1. It’s the healthiest choice for baby.
    Babies born during unmedicated births are more alert, breastfeed more successfully and have lower incidence of asthma and other illnesses than those born by cesarean. Likewise, many researchers are now questioning the connection between the use of medications and unnecessary cesarean sections with the steep rise in autism diagnosis among young children.
  2. It’s the healthiest choice for mom.
    Moms who give birth vaginally without medication or episiotomy heal quicker and resume normal activities sooner and, as a result, also experience much less difficulty breastfeeding. Women who have undergone cesarean sections may be predisposed to future pregnancy risks.
  3. It’s the ultimate act of feminist empowerment.

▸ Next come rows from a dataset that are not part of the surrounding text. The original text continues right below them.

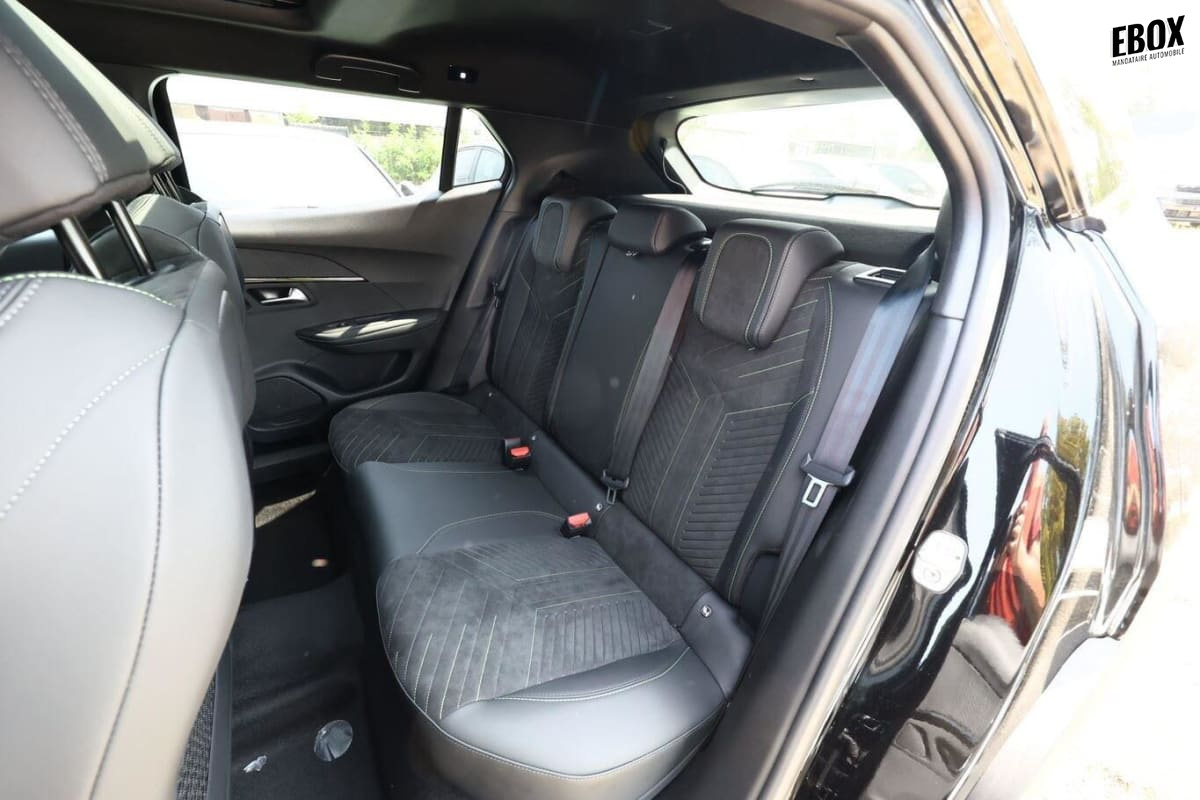 353572_p2 - PEUGEOT - 2008 - 2025 - photo 10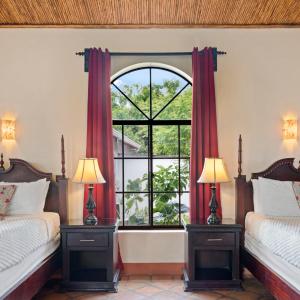 Quadruple Room 3 with pool view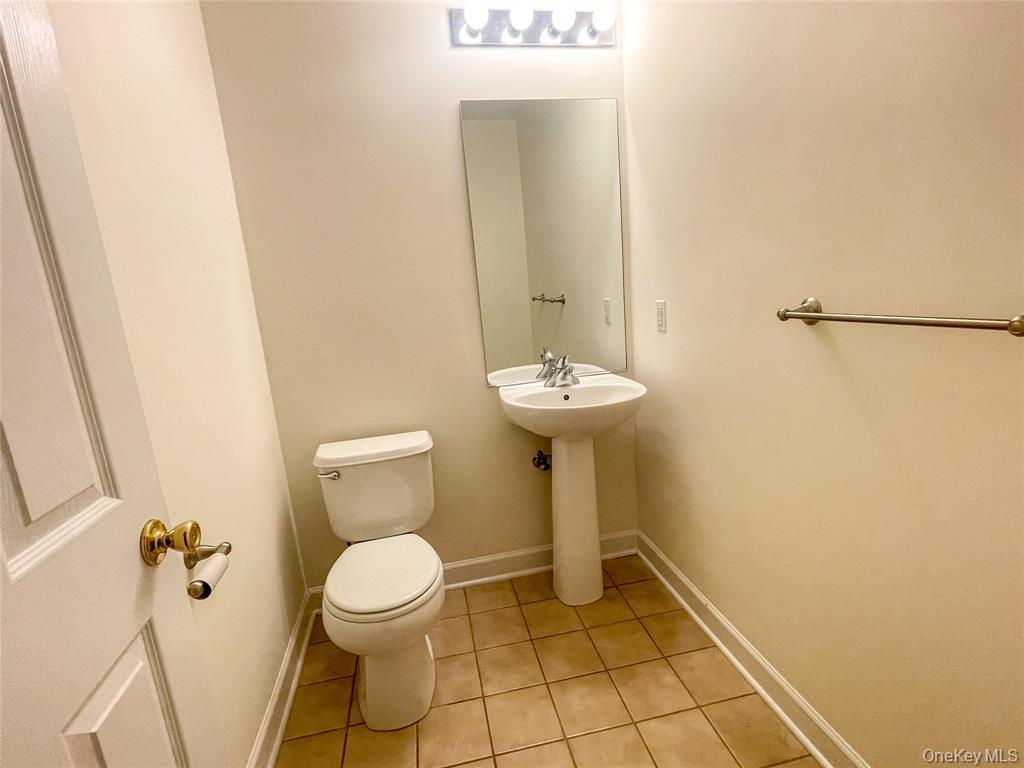 1011 Ethan Allen Drive, Unit 1011 photo 6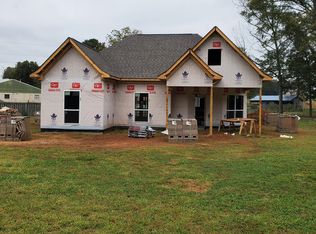 32 Walnut Pl, Moulton, AL 35650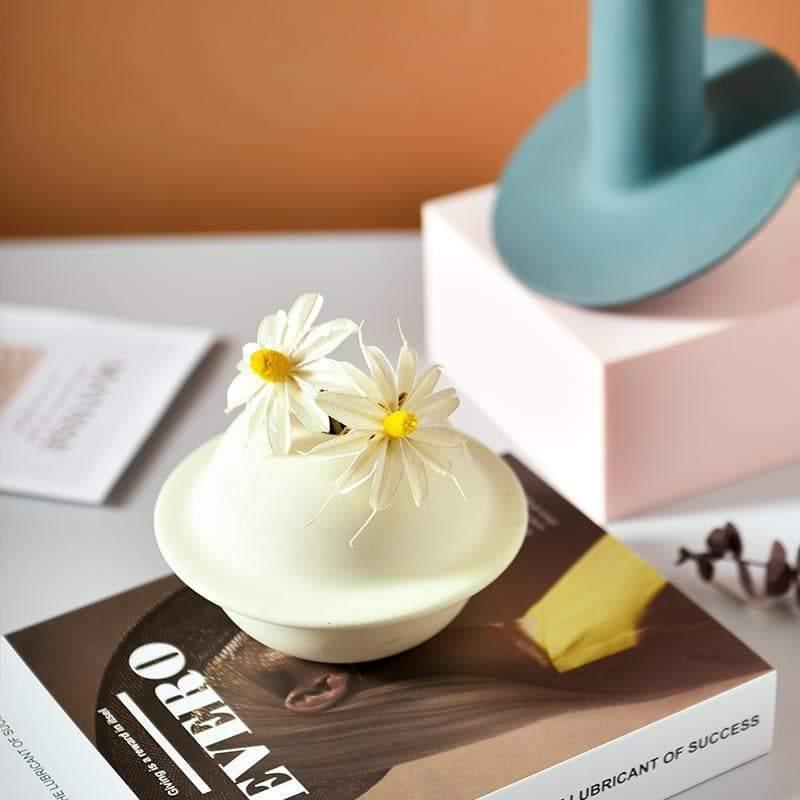 Astro Morandi Ceramic Vase Decorations - Lily & Eden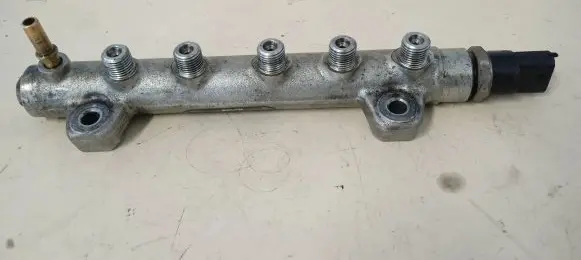 Renault Laguna II Fuel main line pipe 0445214042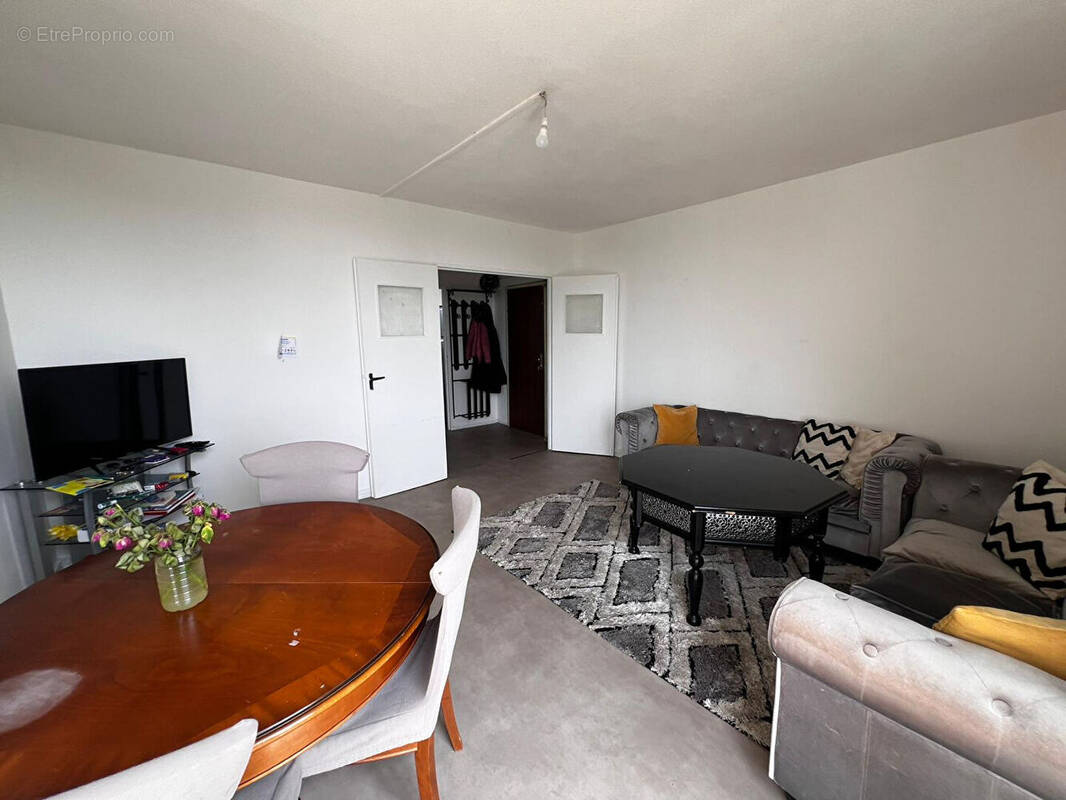 Appartement à PIERRELATTE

    It keeps the control where it belongs: in the woman giving birth. Natural childbirth encourages women to embrace their strengths and to approach birth as a beautiful positive feminine act. The current trends of coercing women into medications complicate the process of birth, put women in a state of vulnerability and fear, and ultimately place the health of women and their babies at risk. Natural birth encourages women to take back their reproductive rights in the labor and delivery room.

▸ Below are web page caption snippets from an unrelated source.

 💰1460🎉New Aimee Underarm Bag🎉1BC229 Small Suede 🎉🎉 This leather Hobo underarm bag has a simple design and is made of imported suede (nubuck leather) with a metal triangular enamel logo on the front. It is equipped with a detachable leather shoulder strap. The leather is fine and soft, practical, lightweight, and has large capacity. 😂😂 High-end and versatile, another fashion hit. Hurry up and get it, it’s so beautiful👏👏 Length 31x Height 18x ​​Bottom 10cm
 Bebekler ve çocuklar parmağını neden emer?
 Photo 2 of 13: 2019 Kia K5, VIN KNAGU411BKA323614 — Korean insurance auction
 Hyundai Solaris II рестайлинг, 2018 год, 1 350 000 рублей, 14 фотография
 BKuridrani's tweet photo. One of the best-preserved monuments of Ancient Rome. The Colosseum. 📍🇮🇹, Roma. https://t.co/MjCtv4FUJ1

  4. It challenges the miserable downward spiral of birthing meds.
    Survey a handful of women who were given Cervidil, Pitocin, Demerol, Epidurals or other common birth medication, and ask them if these methods actually worked to progress labor or assuage pain. Despite popular myth, birth medications oftentimes do not work and actually cause more harm to mom and baby. Many lead to further measures ending in an unplanned cesarean section. The phenomenon is so common that it is frequently referred to as “the downward spiral of labor meds.”
  5. It calls for more midwives (and less doctors) to attend more births.
    It may seem like stereotyping, but the statistics consistently ring loud and clear. With drastically fewer complications, midwife-attended births garner much healthier outcomes for mothers and babies than doctor-attended births. Interestingly, midwives are able to achieve more consistently positive results with little use of medications or interventions and less stress to mothers and babies. By contrast, the growing trend of doctor-attended births to routinely use medications, induction and various interventions show increasing incidence of complications—30% of which now end in unplanned c-sections. Disturbingly, doctors make an average of $8,000 on a vaginal birth while the figure doubles for a c-section. Worse yet, some statistics suggest morbidity rates are actually increasing among doctor-attended births. Not so with midwives.Are women being coerced by doctors to be medicated during childbirth simply to speed the process, be hospitalized longer and pay more in fees with no real benefit to themselves or their babies? We’ll never know, and quite frankly no one should live in fear or mistrust when lives are at stake. Do yourself a favor: if you don’t personally know and implicitly trust your doctor, heed the statistics and hire a midwife…preferably one you know and trust.